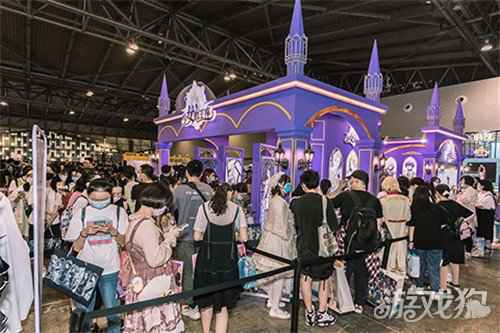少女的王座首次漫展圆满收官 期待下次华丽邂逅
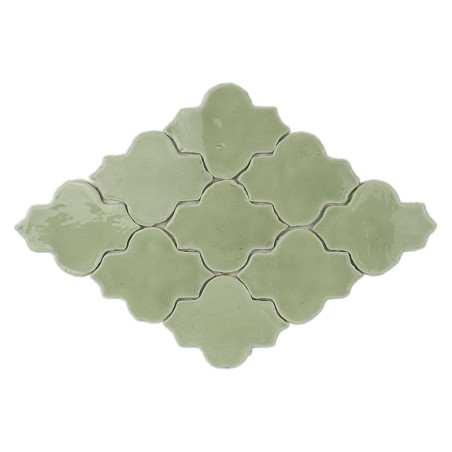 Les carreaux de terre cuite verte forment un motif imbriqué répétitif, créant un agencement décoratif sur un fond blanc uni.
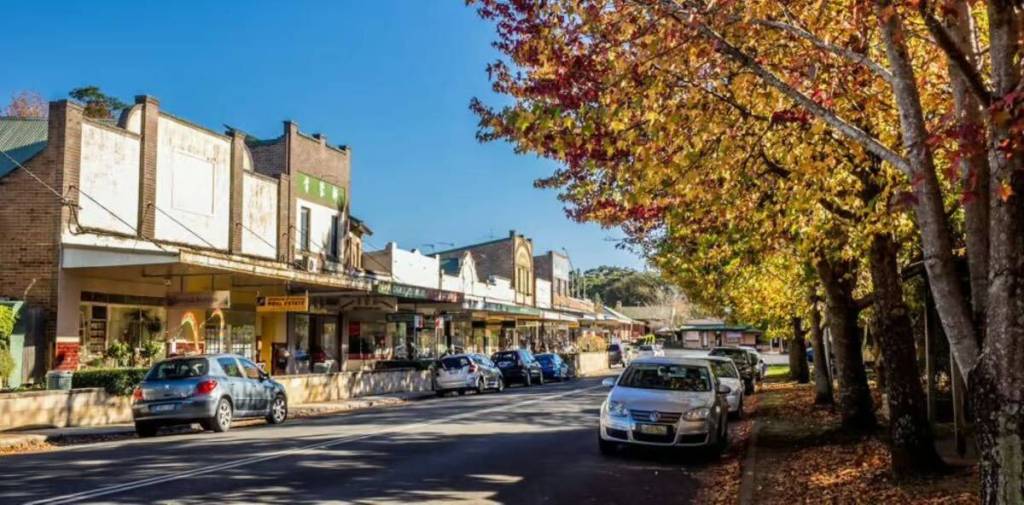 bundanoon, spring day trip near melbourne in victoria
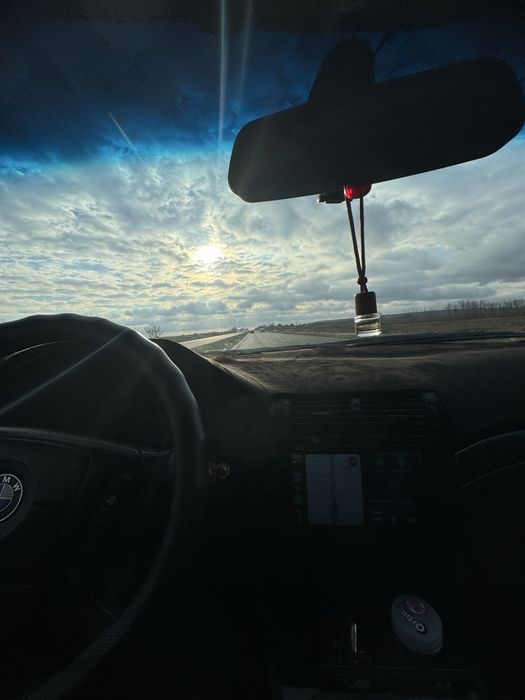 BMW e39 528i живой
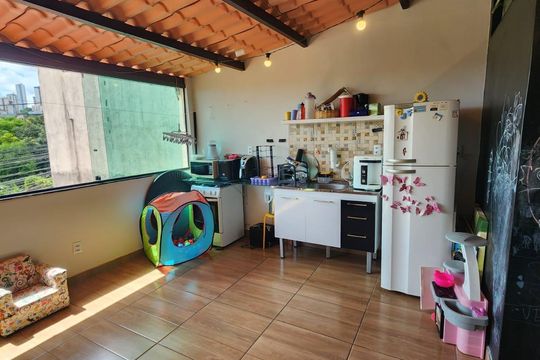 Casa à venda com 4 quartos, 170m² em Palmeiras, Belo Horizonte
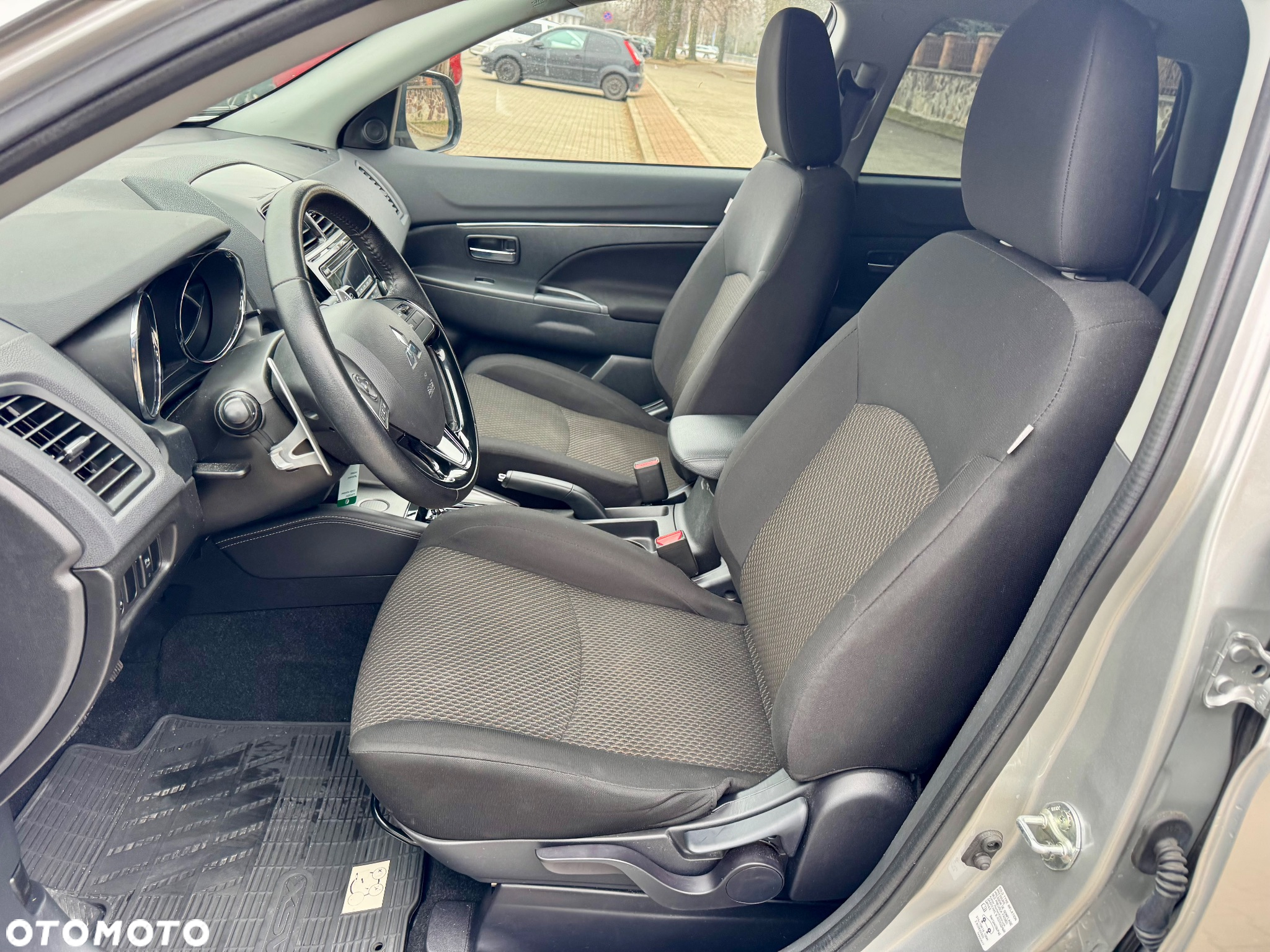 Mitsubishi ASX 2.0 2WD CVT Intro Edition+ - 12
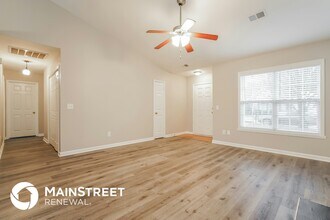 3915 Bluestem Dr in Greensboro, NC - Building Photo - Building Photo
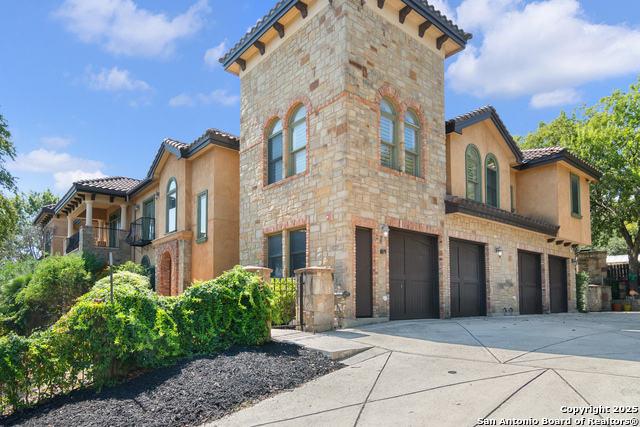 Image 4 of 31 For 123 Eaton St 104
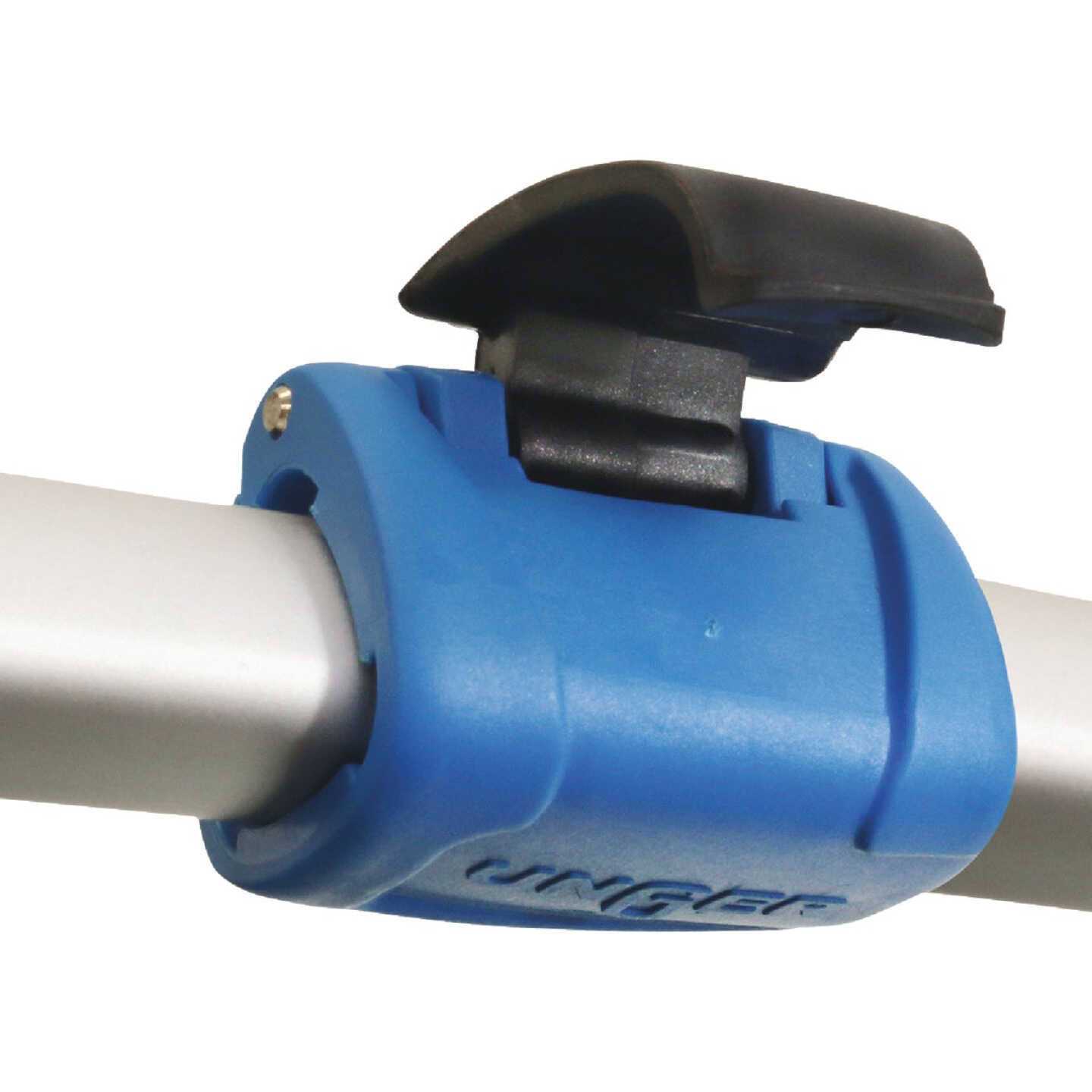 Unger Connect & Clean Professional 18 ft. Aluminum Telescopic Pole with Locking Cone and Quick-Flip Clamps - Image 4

········

» **Problem details**
A verbatim copy of the listing, with all pictures removed, is required.

» **Answer space**
少女的王座首次漫展圆满收官 期待下次华丽邂逅
 Les carreaux de terre cuite verte forment un motif imbriqué répétitif, créant un agencement décoratif sur un fond blanc uni.
 bundanoon, spring day trip near melbourne in victoria
 BMW e39 528i живой
 Casa à venda com 4 quartos, 170m² em Palmeiras, Belo Horizonte
 Mitsubishi ASX 2.0 2WD CVT Intro Edition+ - 12
 3915 Bluestem Dr in Greensboro, NC - Building Photo - Building Photo
 Image 4 of 31 For 123 Eaton St 104
 Unger Connect & Clean Professional 18 ft. Aluminum Telescopic Pole with Locking Cone and Quick-Flip Clamps - Image 4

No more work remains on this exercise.